GIVEN ENTRIES -

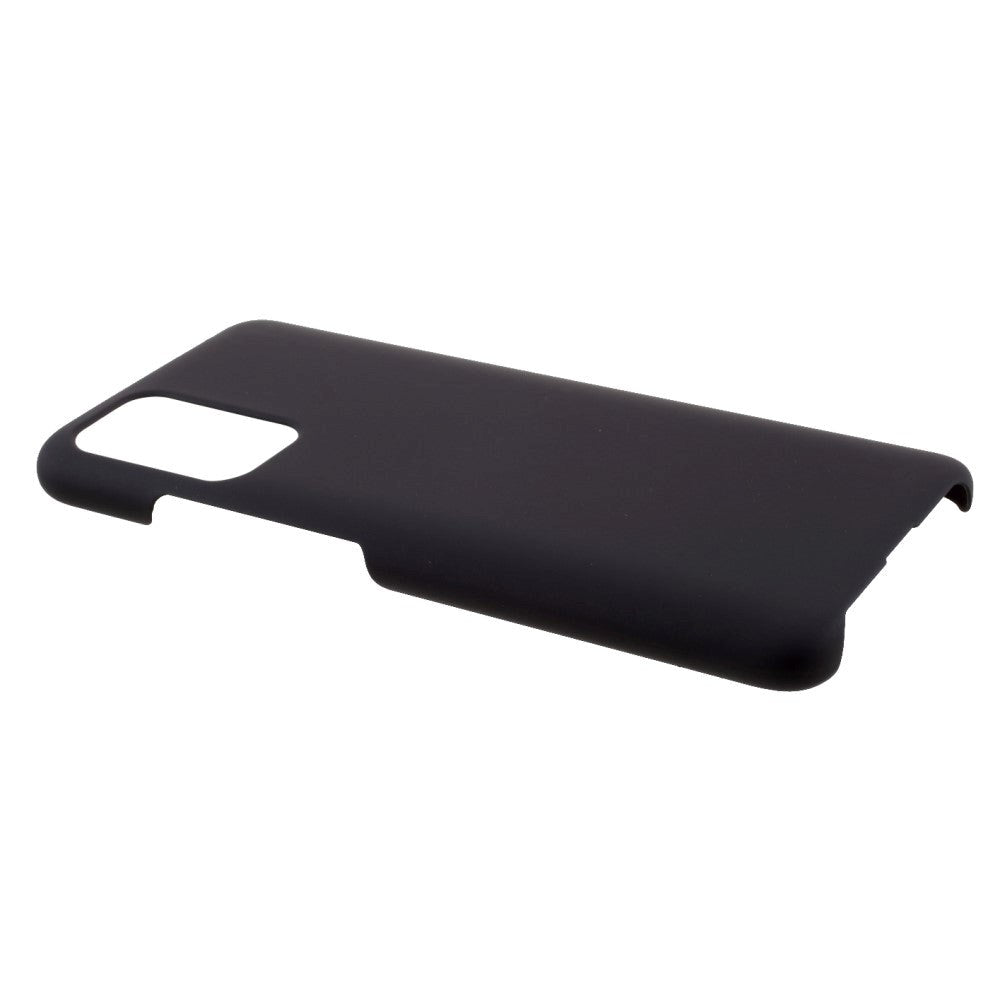 Xiaomi Redmi 9T Hårdt Plastik Cover - Sort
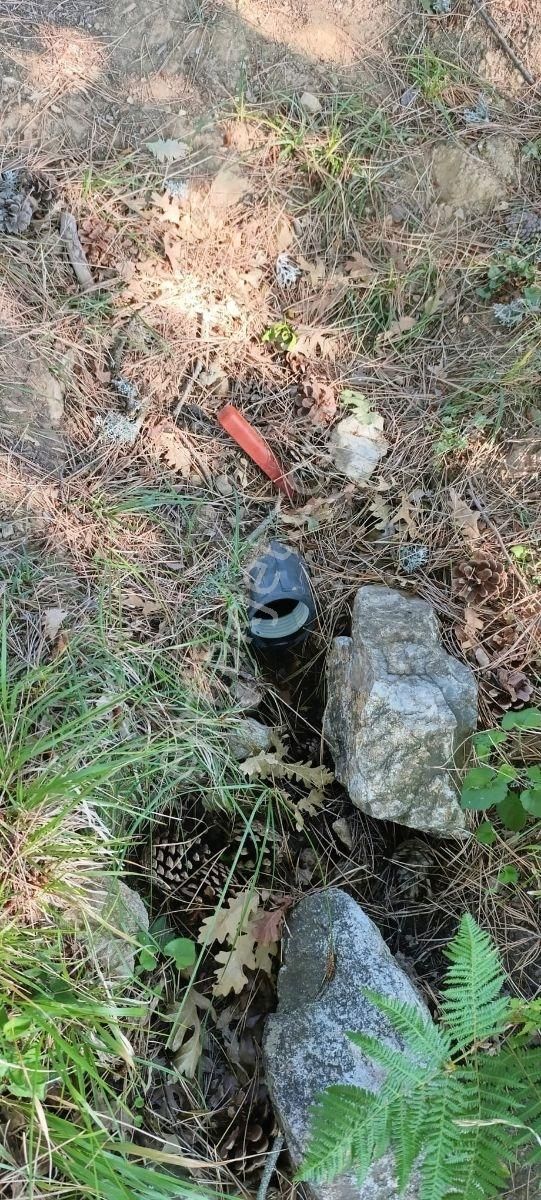 Bursa Küçük Delillerde Manzaralı Satılık Tarla - Görsel 2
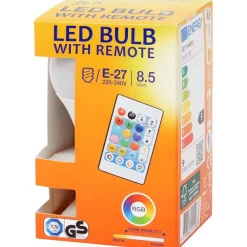 Werckmann Verlichting^Multicolor Ledlamp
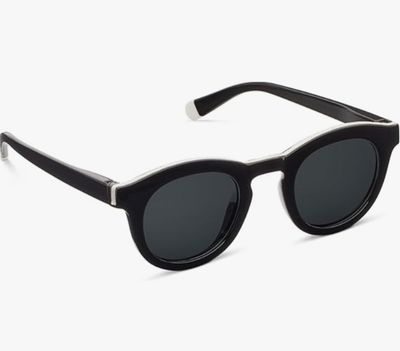 Peepers Sunglasses Beverly Shores Black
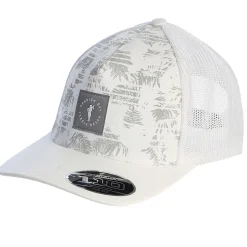 Pebble Beach Spanish Bay Trail Candy Hat By Travis Mathew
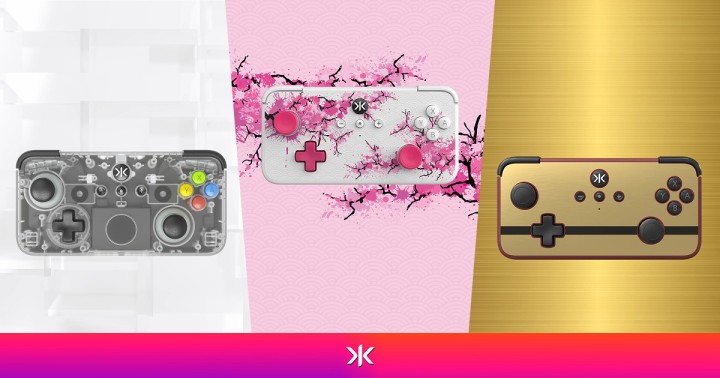 Promocja na pady CRKD NEO S (efekt Halla) do Nintendo Switch 2 za 159 zł w RTV Euro AGD!
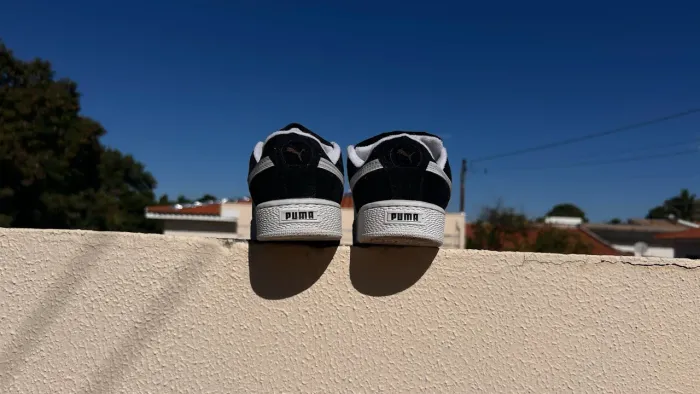 Puma suede xl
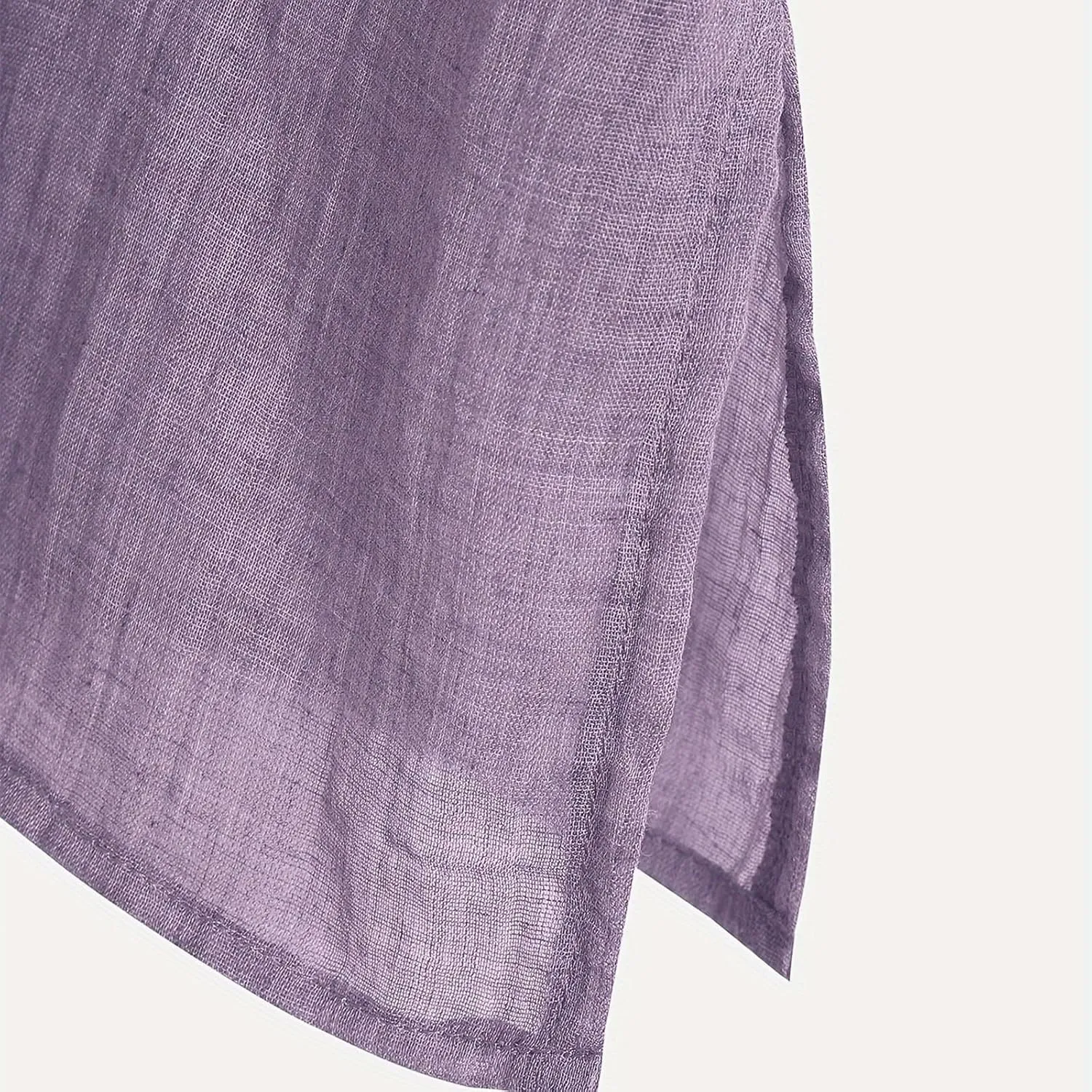 FZYLQY Summer Tunic Tops for Women Lightweight Comfy Tees Dragonfly Trendy Blouses Plus Size Linen 3/4 Length Sleeve Clothes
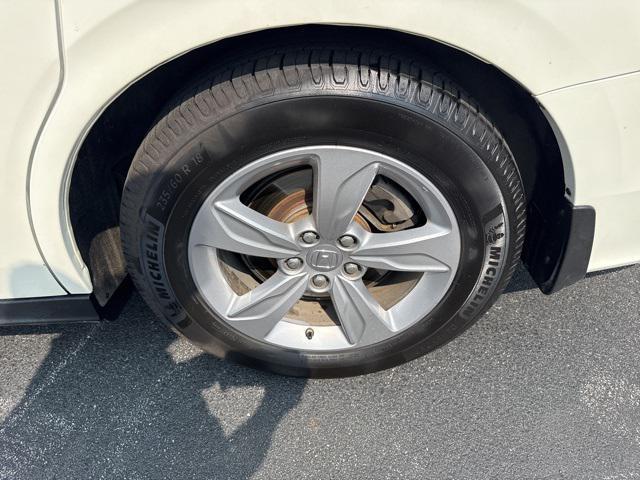 used 2019 Honda Odyssey car, priced at $21,988
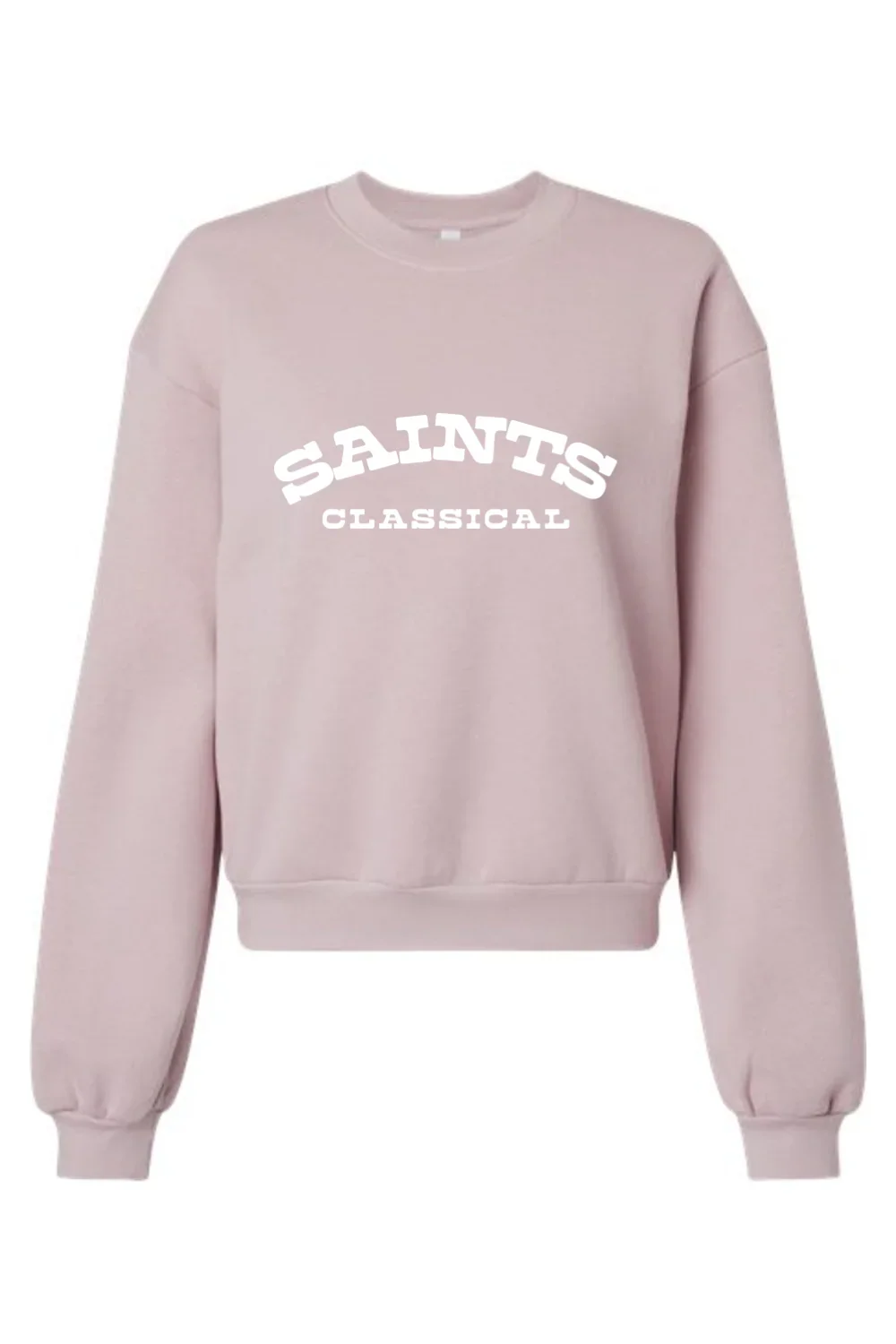 Alternative view of Women's Fleece Crewneck Sweatshirt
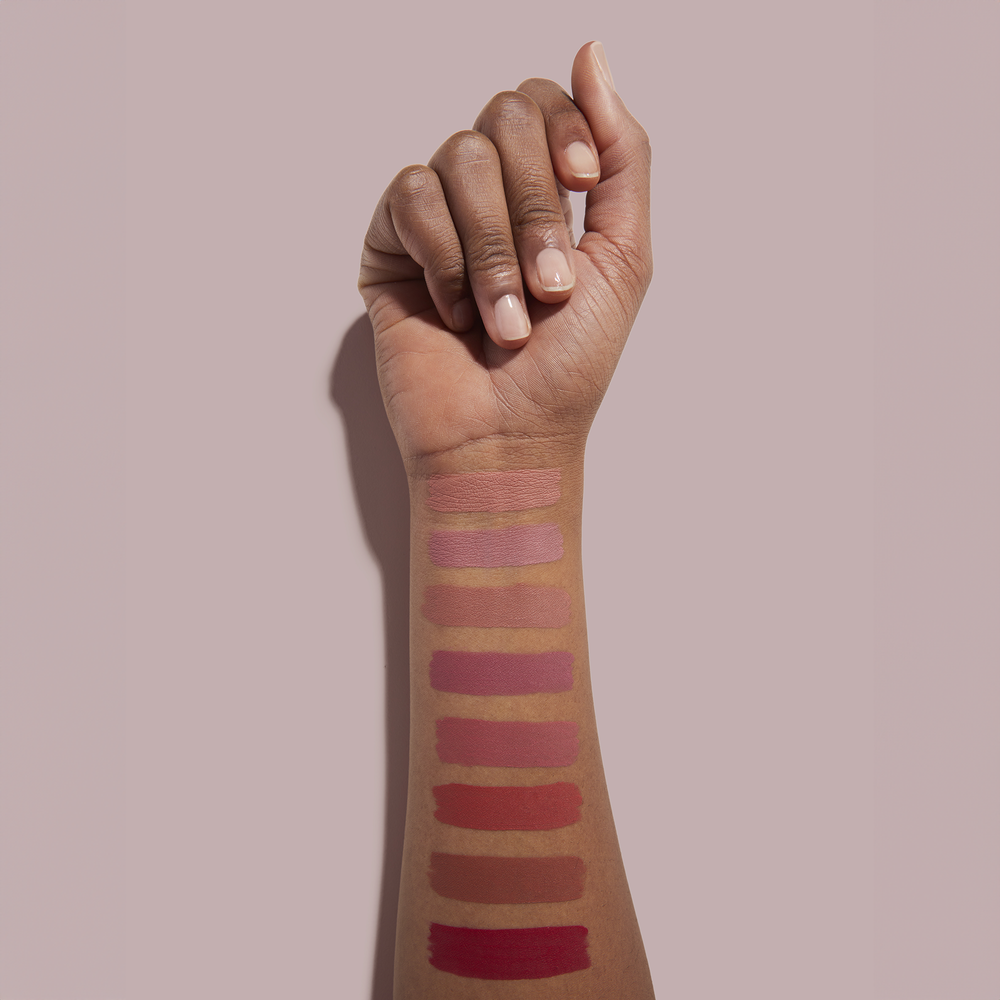 Rouge à lèvres liquide confort mat Lip Loving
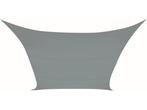 Perel Schaduwdoek, waterafstotend, 5 x 5 m, 160 g/m²,, Tuin en Terras, Schaduwdoeken, Verzenden, Nieuw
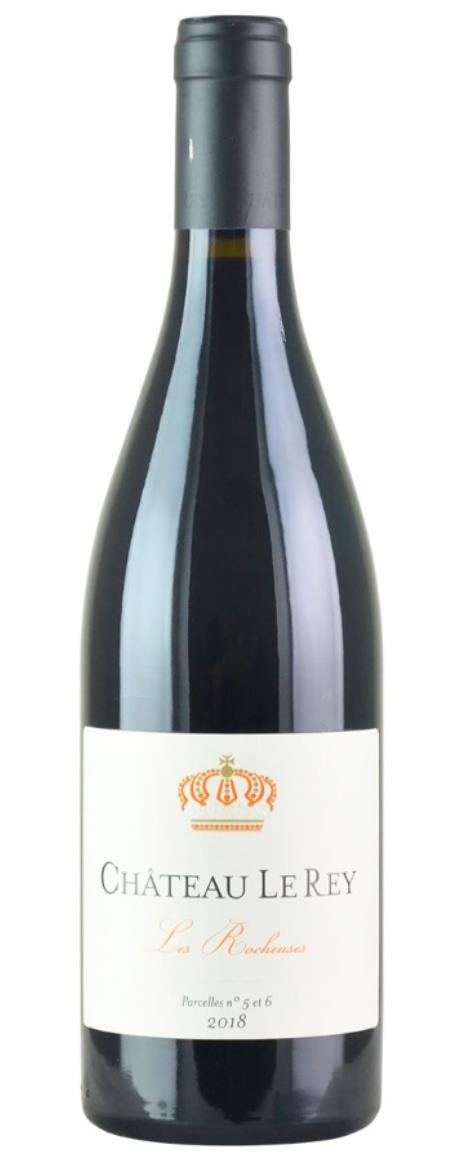 2018 Chateau Le Rey Les Rocheuses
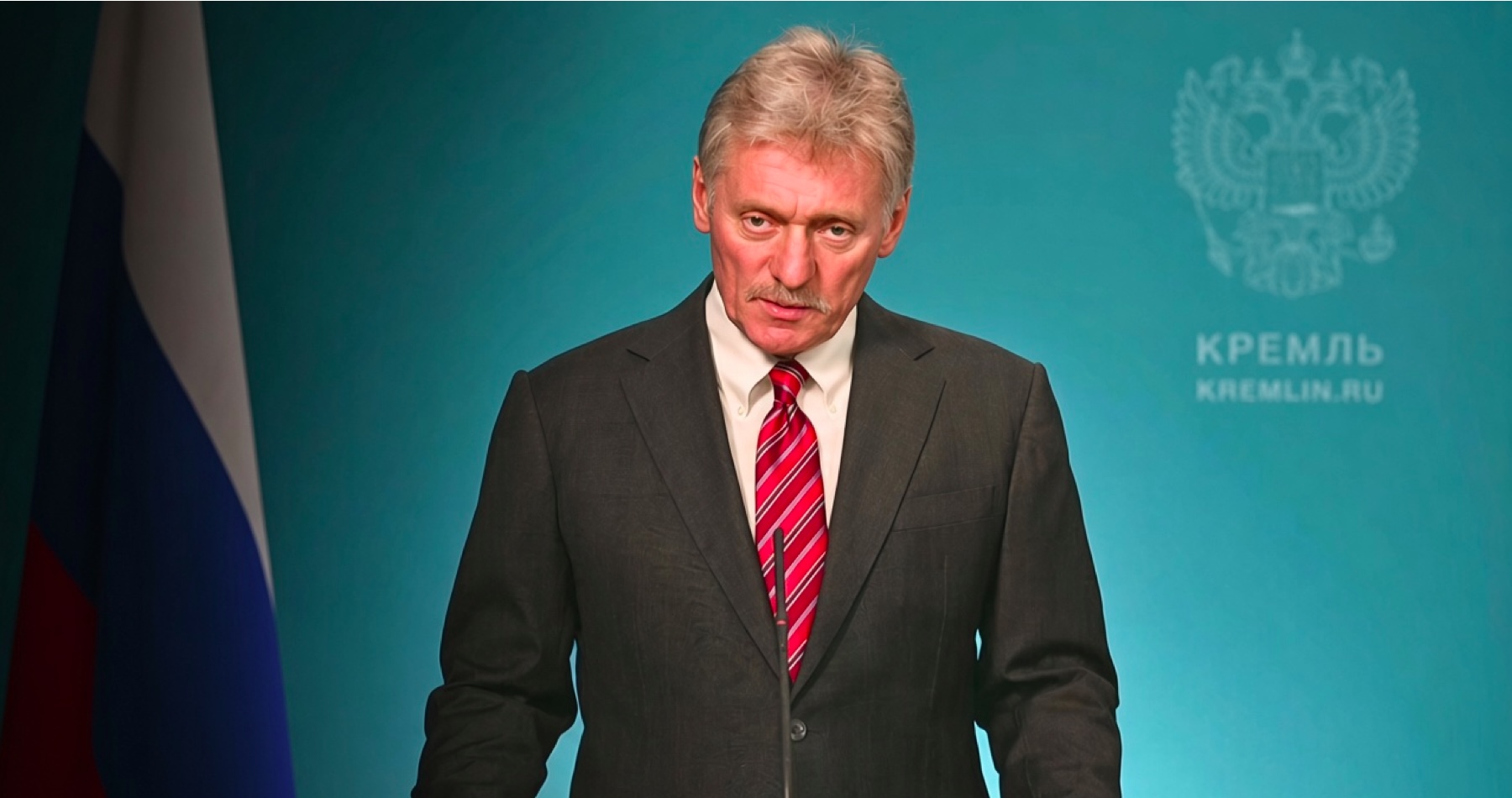 VIDEO: „Rusko chce trvalý mier, a nie dočasné prímerie s Ukrajinou,“ oznámil Dmitrij Peskov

ASSIGNED TASK - If the records contain pictures, skip them, and transcribe exactly every line from the one with "2018 Chateau Le Rey Les Rocheuses" through the last line.

FINAL ANSWER -
 2018 Chateau Le Rey Les Rocheuses
 VIDEO: „Rusko chce trvalý mier, a nie dočasné prímerie s Ukrajinou,“ oznámil Dmitrij Peskov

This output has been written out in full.